SoundStreak is really targeting people who are interested in collaborative remote sessions and who probably have time sensitivities and want high quality. One of the key differences between the workflow of SoundStreak and say with ISDN is that SoundStreak actually records each take as its own audio file and automatically labels it with a naming convention.
SoundStreak is really targeting people who are interested in collaborative remote sessions and who probably have time sensitivities and want high quality. One of the key differences between the workflow of SoundStreak and say with ISDN is that SoundStreak actually records each take as its own audio file and automatically labels it with a naming convention. It will include the name of the talent and the date and the name of the session and so on.

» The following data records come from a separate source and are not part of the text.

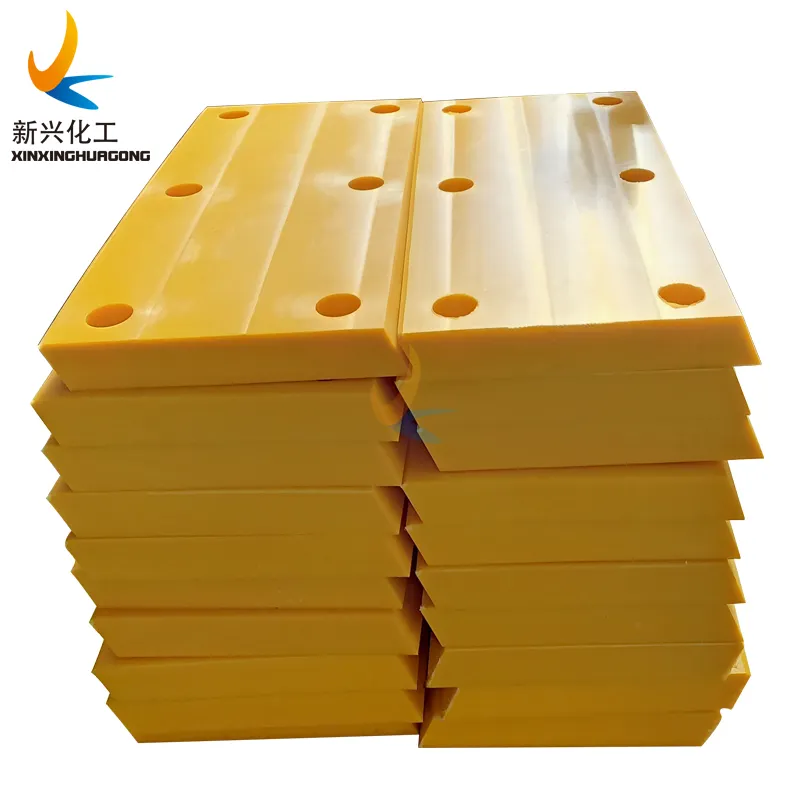 Uhmwpe/HDPE Marine Fender phải đối mặt với miếng đệm cho biển và bến cảng thuyền bảo vệ miếng đệm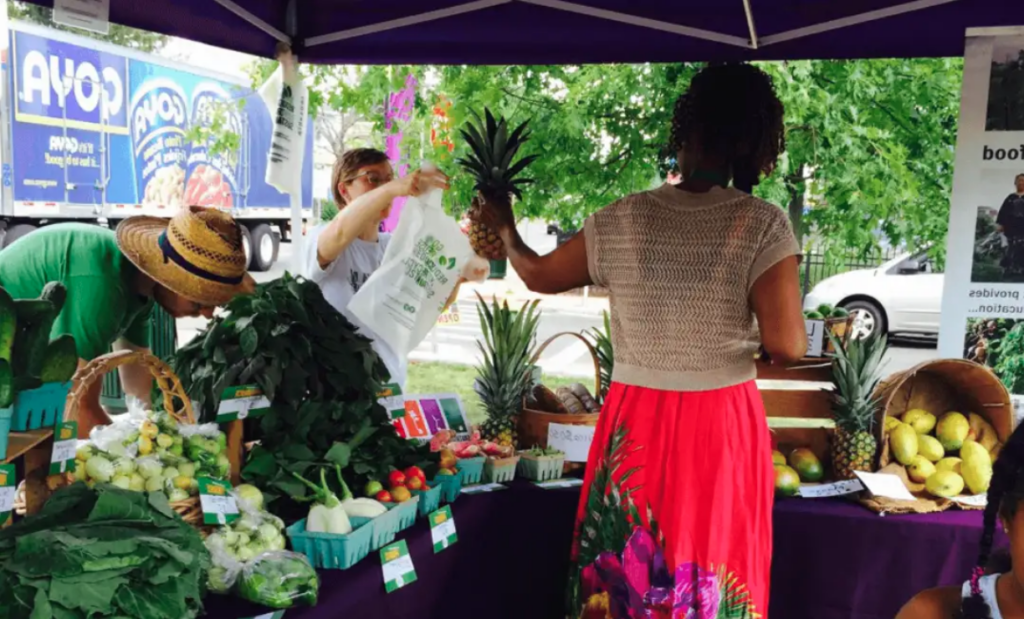 Sankofa Farmers Market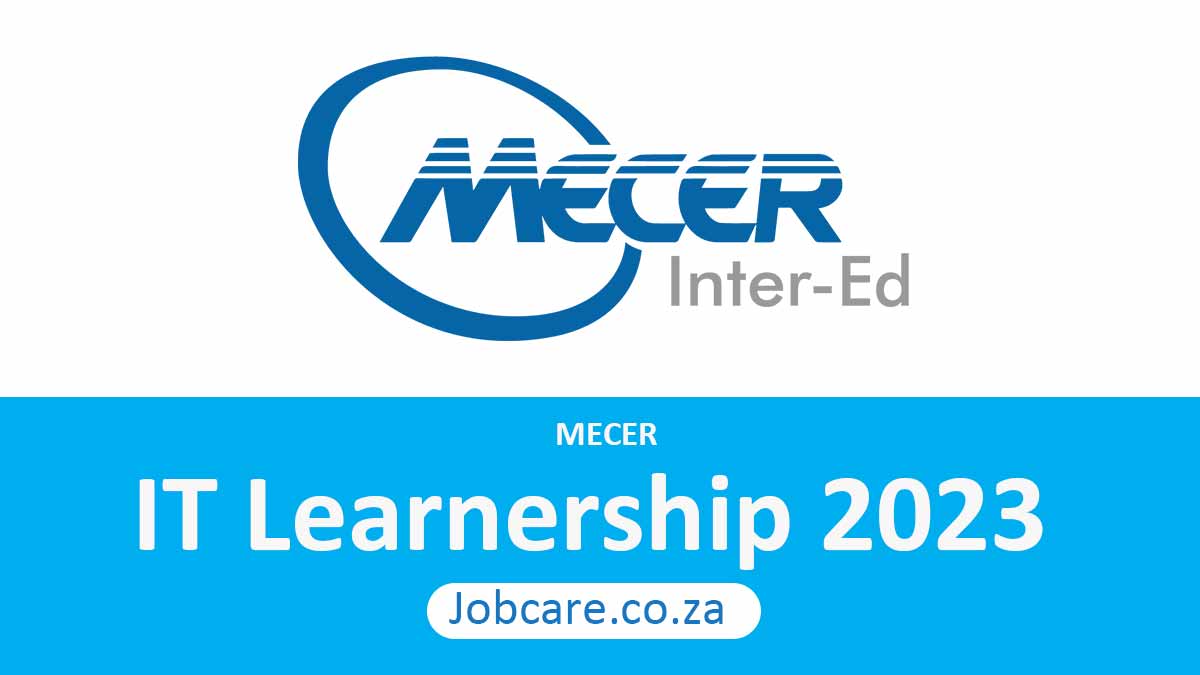 Mecer: IT Learnership 2023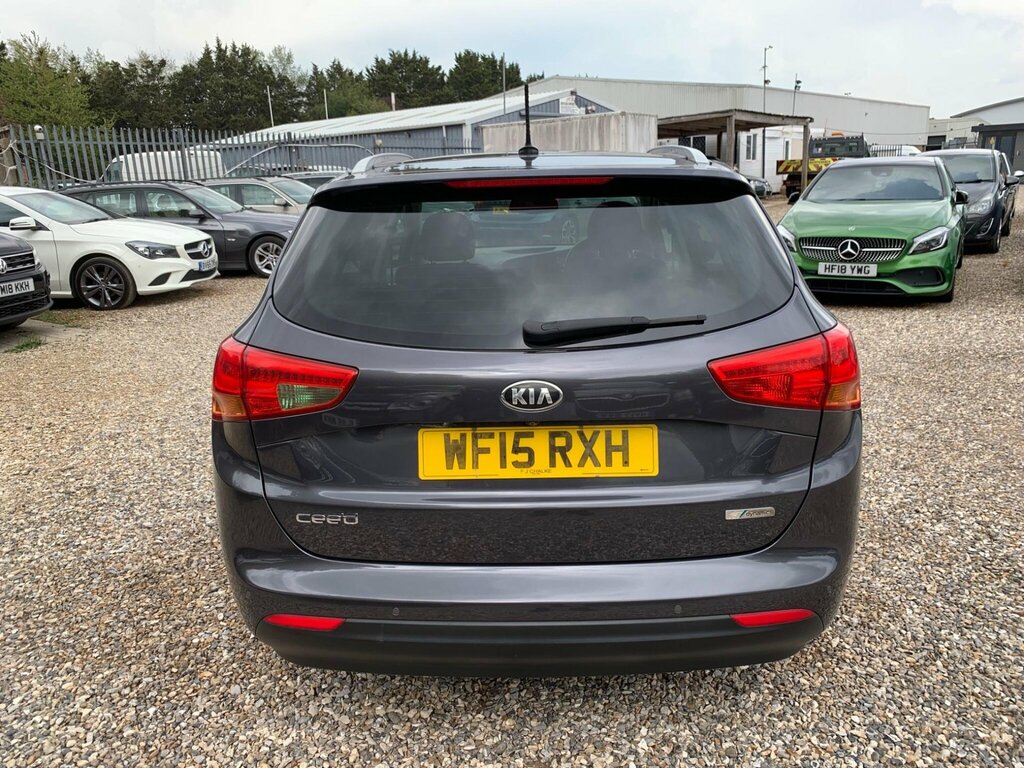 Kia Ceed 1.6 Crdi Ecodynamics 3 Sportswagon Euro 5 Ss WF15RXH Silver #6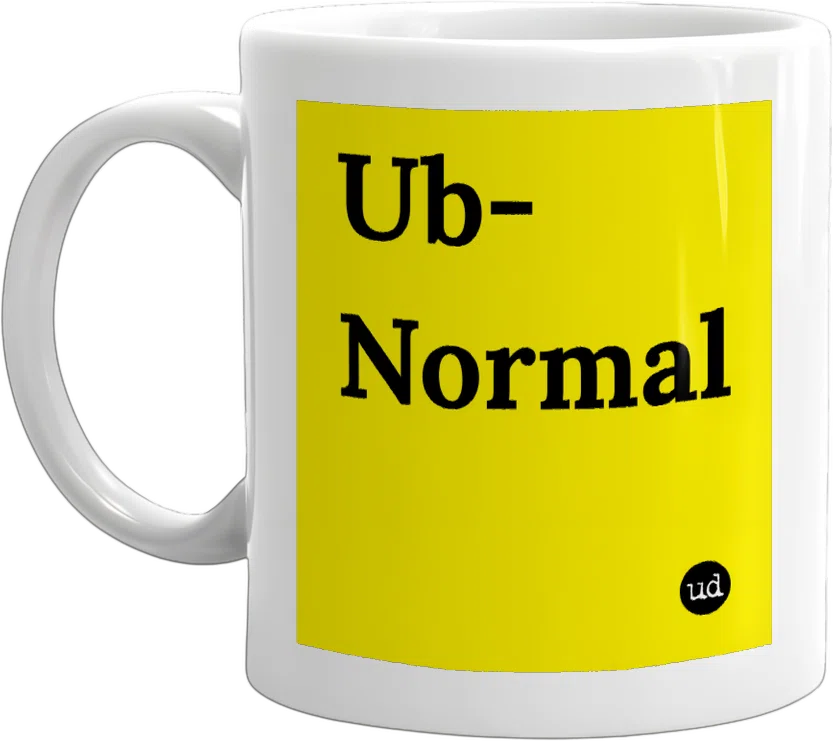 Ub-Normal front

So there has been a lot of attention paid to work flow and to just having the take files show up in the right place and be easy to identify and self-contained. You know each one has a timing so when you get that session summary email it says ‘Take three, 32 seconds’, it has the comments that the production person might have put in the take list as they were doing the session and it has a link to the actual take.
NYCPPNEWS: The product sounds very useful. Good luck.
Dan Caligor: Thanks for your interest.